Missouri Public Service Commission

Public Service Commission overview
- Jurisdiction: Missouri
- Public Service Commission executive: Chairman, Kayla Hahn;
- Website: Missouri Public Service Commission Website

= Missouri Public Service Commission =

The Missouri Public Service Commission (PSC) regulates investor-owned telephone, electric, natural gas, steam, water, and sewer utilities in the state of Missouri, as well as regulating manufacturer and retail sales of new and used manufactured homes and modular units.

The PSC commissioners are appointed by the Governor of Missouri. The current commissioners, as of 2025, are Chairman Kayla Hahn, Maida J. Coleman, Glen Kolkmeyer, and John P. Mitchell.

== History ==

=== Utility costs ===
In 1976, Missouri voted to prohibit construction works in progress charges, motivated by the financial burdens of the Callaway Nuclear Generating Station.
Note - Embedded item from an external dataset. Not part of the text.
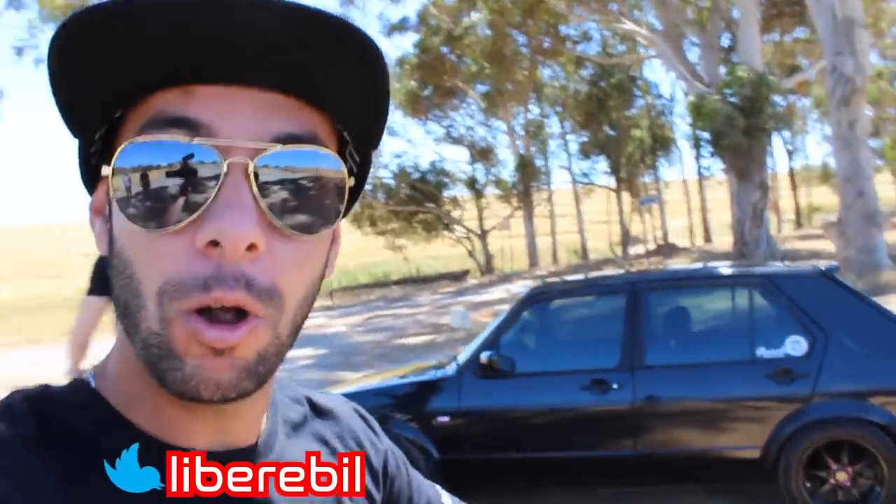Hello everyone, welcome to Liberable. Yes, it's Cape Town. Yes, it's another super windy day. As you can see, Chad is busy doing some cinematics. This is a VW Mk1 Golf. Alan, the owner — sorry for the wind. We're going to talk to him now in a bit of a second.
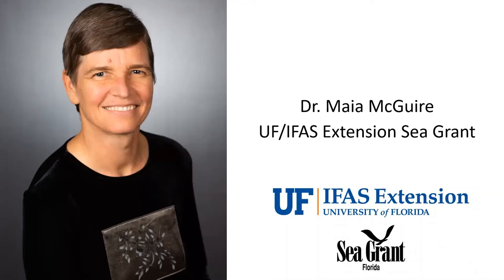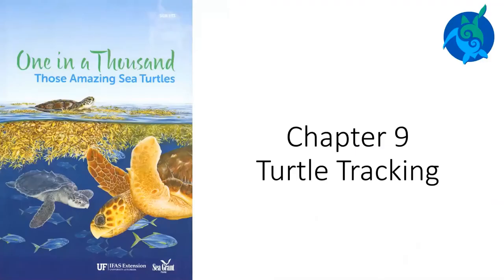My name is Maya McGuire and I am an educator with Florida Sea Grant at the University of Florida. As a marine biologist, I study things that live in the ocean. Today I'm going to read a chapter from a book that I wrote with some friends. The book is called One in a Thousand: Those Amazing Sea Turtles.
Previous law allowed costs for new and future power plant manufacturing to factor into consumer fees. In 2025, Mike Kehoe signed a law to restore construction works in progress charges and adding tariffs, to be determined by PSC, on users requiring 100MW or more of energy.

=== Natural gas ===
In 2025, the federal government took over natural gas pipeline regulation in Missouri due to noncompliance with federal requirements.